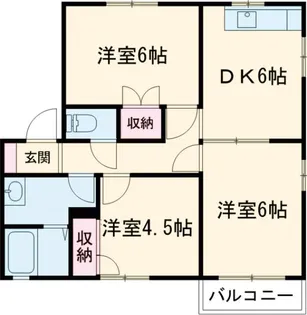 メゾン・シャルムE【1階】の間取り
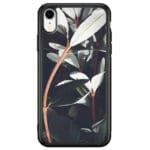 Dark Leaves Kryt iPhone XR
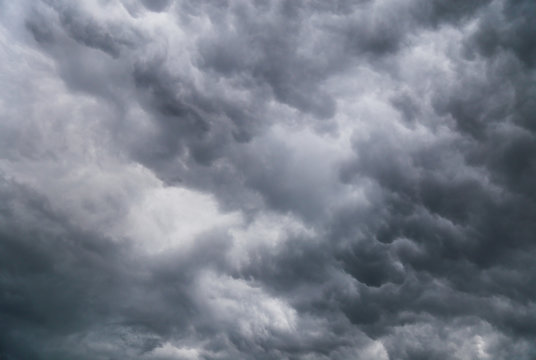 Dark thundercloud on summer day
⁂
## What this task involves
Write out the data above exactly, minus any images.

## Solution for this task
 メゾン・シャルムE【1階】の間取り
 Dark Leaves Kryt iPhone XR
 Dark thundercloud on summer day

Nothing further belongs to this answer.